What the task requires:
Below is a block of entries; repeat exactly the lines starting at the line that contains "стеной над диваном" and ending at the line that contains "ホワイト系のシャツ/ブラウス", both included.

Source material:
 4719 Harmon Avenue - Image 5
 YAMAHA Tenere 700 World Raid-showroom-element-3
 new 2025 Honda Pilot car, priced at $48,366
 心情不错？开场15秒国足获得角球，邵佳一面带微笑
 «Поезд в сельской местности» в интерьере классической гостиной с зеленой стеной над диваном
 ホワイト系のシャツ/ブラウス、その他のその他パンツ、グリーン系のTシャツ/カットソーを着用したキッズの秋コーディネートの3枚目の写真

--

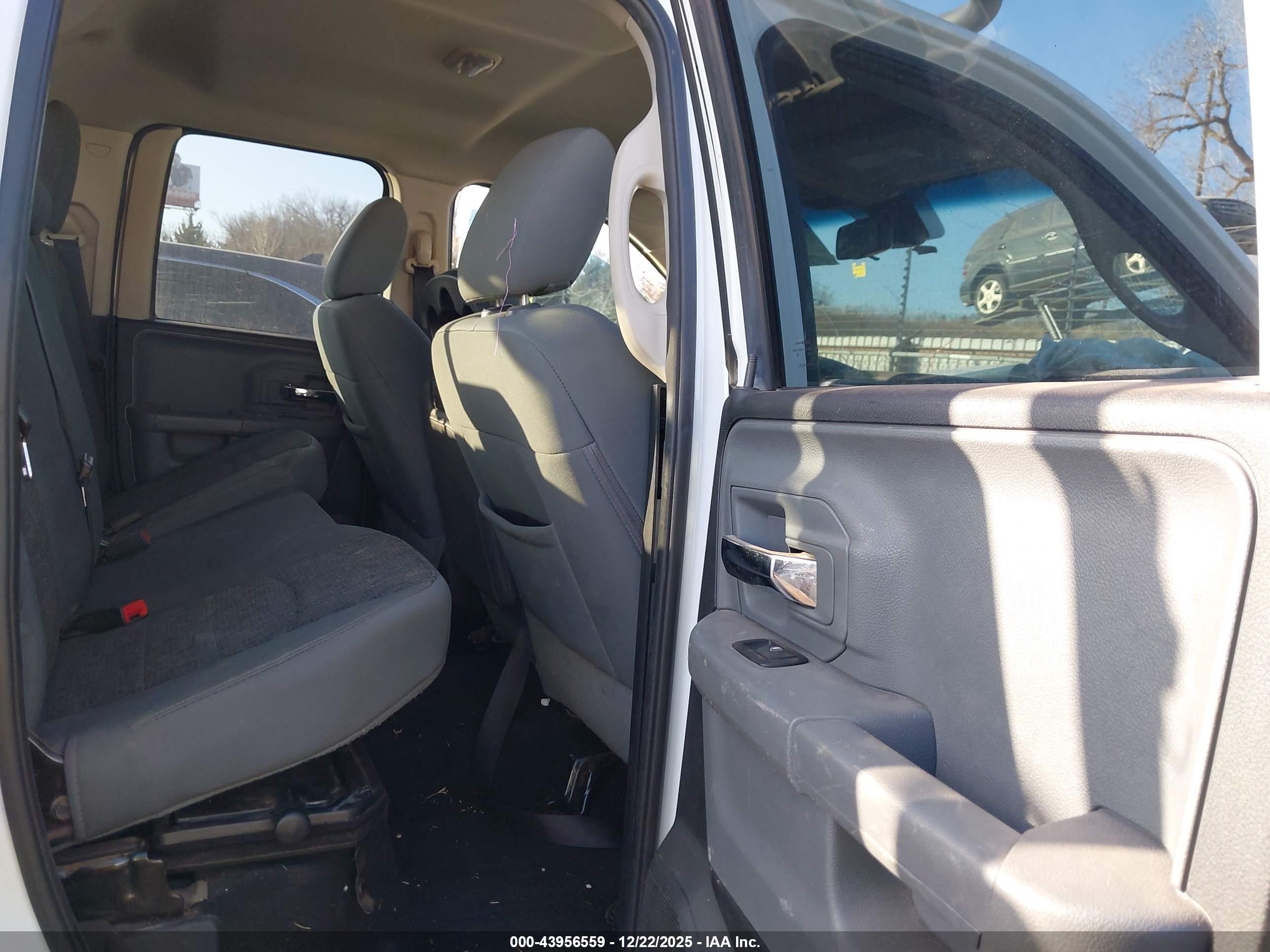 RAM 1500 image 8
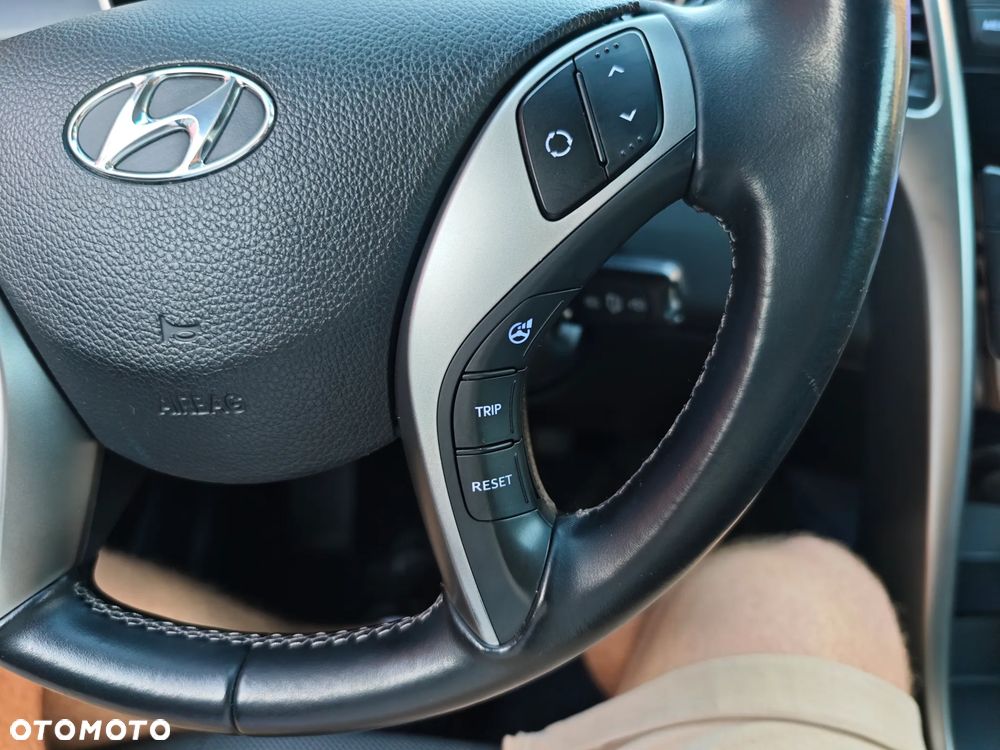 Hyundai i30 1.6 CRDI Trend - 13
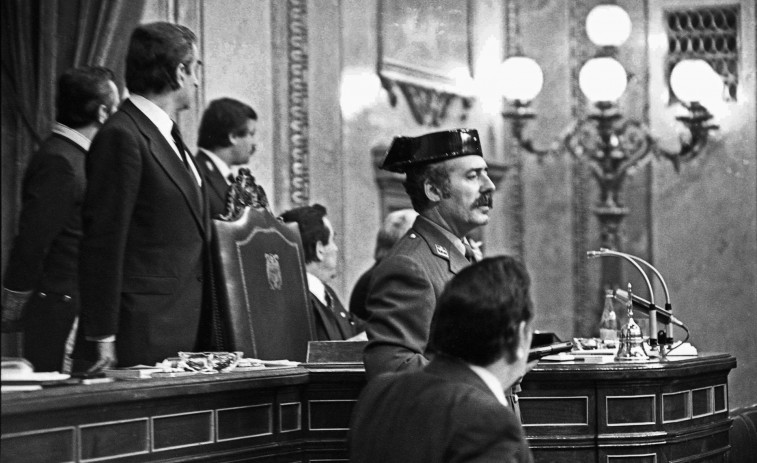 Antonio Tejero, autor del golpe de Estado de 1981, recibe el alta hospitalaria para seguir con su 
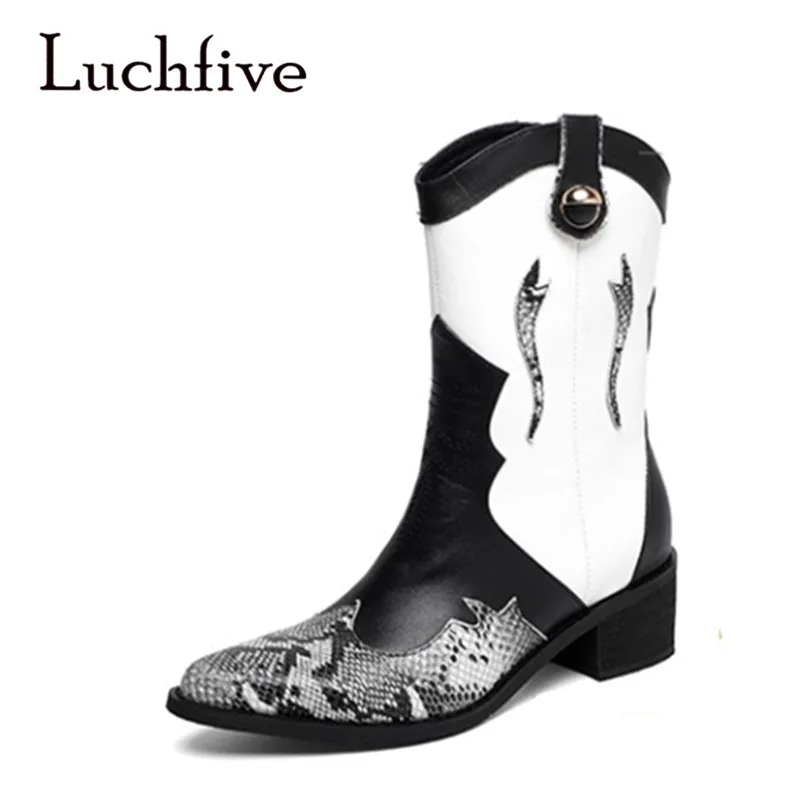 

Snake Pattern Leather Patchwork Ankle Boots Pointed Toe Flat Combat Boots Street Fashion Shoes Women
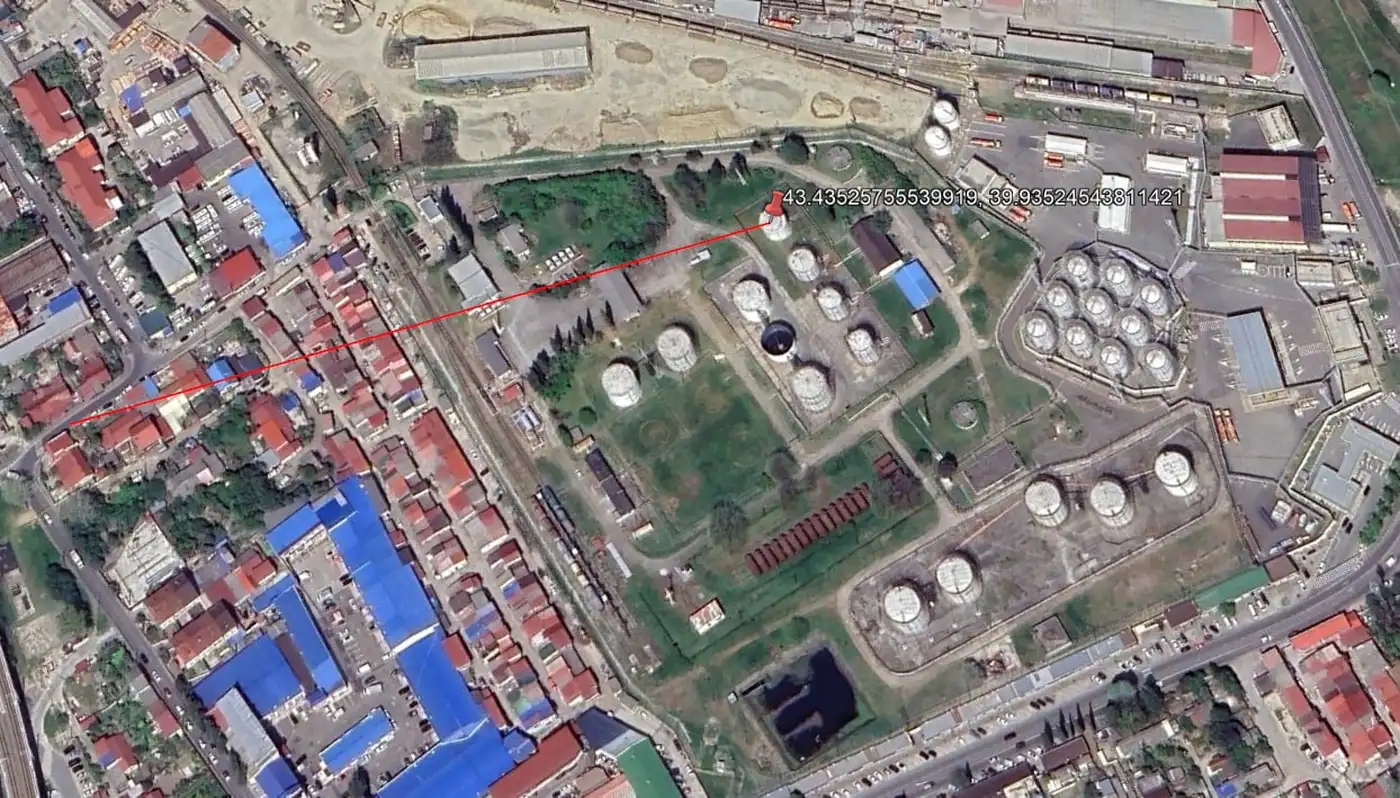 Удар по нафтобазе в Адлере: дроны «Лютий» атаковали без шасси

Problem solution:
 «Поезд в сельской местности» в интерьере классической гостиной с зеленой стеной над диваном
 ホワイト系のシャツ/ブラウス、その他のその他パンツ、グリーン系のTシャツ/カットソーを着用したキッズの秋コーディネートの3枚目の写真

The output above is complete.